The 3.0.26 and 3.2.13 stable updates are in the review process as of this writing; they can be expected on or after March 23.
Quotes of the week
Gregg: Linux Kernel Performance: Flame Graphs
Brendan Gregg demonstrates "flame graphs" as a tool for tracking down kernel performance problems. "The perf report tree (and the ncurses navigator) do an excellent job at presenting this information as text. However, with text there are limitations. The output often does not fit in one screen (you could say it doesn’t need to, if the bulk of the samples are identified on the first page). Also, identifying the hottest code paths requires reading the percentages. With the flame graph, all the data is on screen at once, and the hottest code-paths are immediately obvious as the widest functions." The flame graph code is hosted on Github.
Linsched for 3.3
At the 2011 Kernel Summit, Google developer Paul Turner described a scheduler testing framework which, he said, would be released soon. Naturally, things took longer than expected, but, on March 14, Paul released a version of Linsched for general use. Given the amount of interest in this tool, it's likely that it will find its way into the mainline in a relative hurry.Linsched is a framework that can run the kernel scheduler with various simulated workloads and draw conclusions about the quality of the decisions made. It looks at overall CPU utilization, the number of migrations, and more. It is able to simulate a wide range of hardware topologies with different characteristics.
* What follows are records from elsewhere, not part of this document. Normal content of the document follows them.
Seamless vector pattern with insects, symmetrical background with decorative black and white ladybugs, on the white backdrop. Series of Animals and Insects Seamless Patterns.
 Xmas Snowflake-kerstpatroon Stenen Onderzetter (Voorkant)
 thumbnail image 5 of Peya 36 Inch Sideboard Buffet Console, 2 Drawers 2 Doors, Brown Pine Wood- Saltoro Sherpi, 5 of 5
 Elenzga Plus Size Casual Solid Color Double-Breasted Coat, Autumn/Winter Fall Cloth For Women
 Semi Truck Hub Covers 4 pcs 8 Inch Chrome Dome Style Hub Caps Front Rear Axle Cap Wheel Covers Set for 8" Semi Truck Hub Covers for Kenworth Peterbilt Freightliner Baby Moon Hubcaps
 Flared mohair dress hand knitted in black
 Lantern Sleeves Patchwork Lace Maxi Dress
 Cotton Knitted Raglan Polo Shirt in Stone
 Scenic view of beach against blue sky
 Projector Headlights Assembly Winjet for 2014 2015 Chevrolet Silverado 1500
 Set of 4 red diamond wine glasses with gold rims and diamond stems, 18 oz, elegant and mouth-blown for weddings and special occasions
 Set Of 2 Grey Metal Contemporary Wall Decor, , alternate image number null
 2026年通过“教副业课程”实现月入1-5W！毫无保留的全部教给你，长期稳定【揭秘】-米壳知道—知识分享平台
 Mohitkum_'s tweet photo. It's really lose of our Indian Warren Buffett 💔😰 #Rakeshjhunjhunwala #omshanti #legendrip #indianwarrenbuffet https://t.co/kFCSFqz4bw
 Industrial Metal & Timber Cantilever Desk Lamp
The original Linsched posting was quite intrusive; it inserted over 5,000 lines of code into the kernel behind "#ifdef LINSCHED" lines. A determined effort has reduced that number slightly - to all of 20 lines of code. The rest has been cleverly hidden in a special "linsched" architecture that provides just enough support to run the scheduler in user space. The actual simulation and measurement code lives in the tools directory.
Making changes to the scheduler is a notoriously difficult task; one can easily add regressions for specific workloads that go unnoticed until the changes go into production. With enough simulated topologies and workloads, a tool like Linsched should be able to remove a lot of that risk from scheduler development. And that should lead to better kernel releases overall.
Kernel development news
3.4 Merge window part 1
The release of the 3.3 kernel on March 18 has led inevitably to the opening of the merge window for the 3.4 development cycle. As of this writing, some 3,500 non-merge changesets have been pulled into the mainline; this cycle, in other words, has just begun.Some of the user-visible features merged for 3.4 include:
- The perf utility understands a new --uid flag,
which restricts data gathering to processes owned by the given user
ID. It is also now possible to specify multiple processes or threads
with the --pid and --tid options.
- The perf events subsystem can now sample "taken branch" events on
hardware with the "last branch record" functionality.
- The "zcache" compressed caching system (still in staging) can now use
the crypto API for access to compression algorithms.
- The "Yama" security module has been merged; for now it just implements
some restrictions on how the ptrace() system call can be
used, but others may follow. Yama is meant to be a place to collect
various discretionary access control mechanisms intended to make a system
more secure.
- The kernel now has read-only support for the qnx6fs filesystem used
with the QNX operating system.
- New drivers include:
- Crypto: Tegra AES crypto engines.
- Miscellaneous: EnergyMicro EFM32 UART/USART ports,
Maxim DS2781 battery monitors,
Solarflare SFC9000-family hwmon controllers,
Solarflare SFC9000-family SR-IOV controllers,
TI TPS62360 and TPS65217 power regulators,
Samsung S5M8767 regulators,
Renesas RSPI controllers,
SuperH HSPI controllers,
CSR SiRFprimaII SPI controllers,
Broadcom BCM63xx SPI controllers, and
Freescale i.MX on-chip ANATOP LDO regulators.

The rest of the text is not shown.